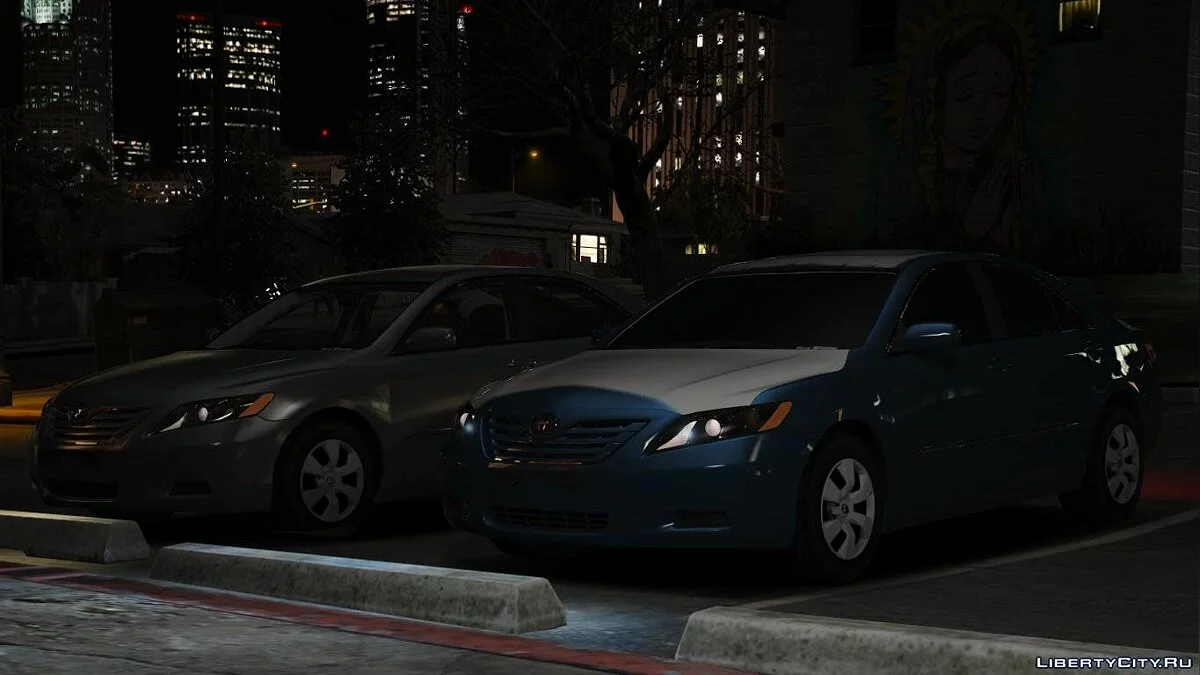 2009 Toyota Camry Standard HQ [Replace] / GTA 5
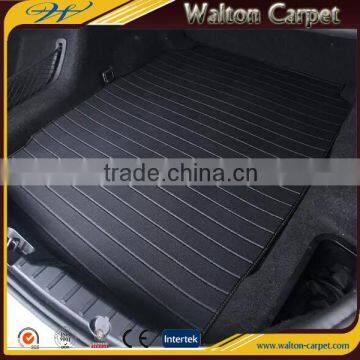 Ribbed high quality non-toxic durable non slip leather trunk carpet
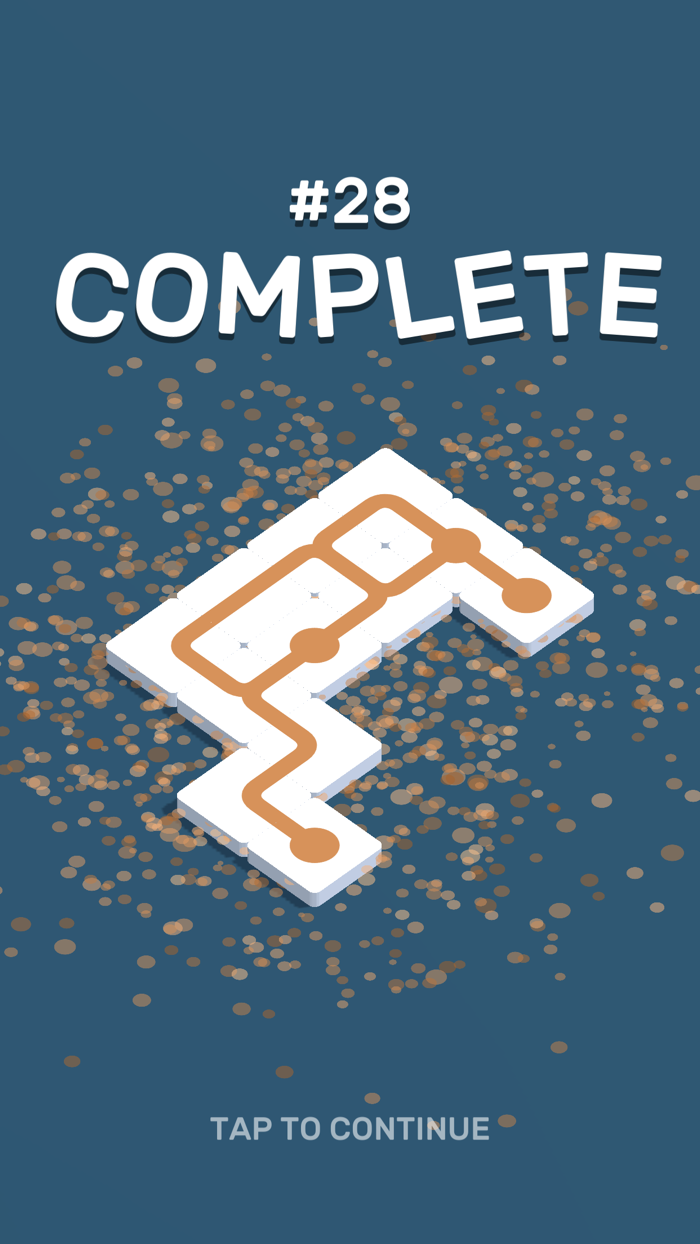 Color Path - Connect the dots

------------

Problem to work on:
Could the data above be reproduced exactly, with the pictures left out?

Reply:
 2009 Toyota Camry Standard HQ [Replace] / GTA 5
 Ribbed high quality non-toxic durable non slip leather trunk carpet
 Color Path - Connect the dots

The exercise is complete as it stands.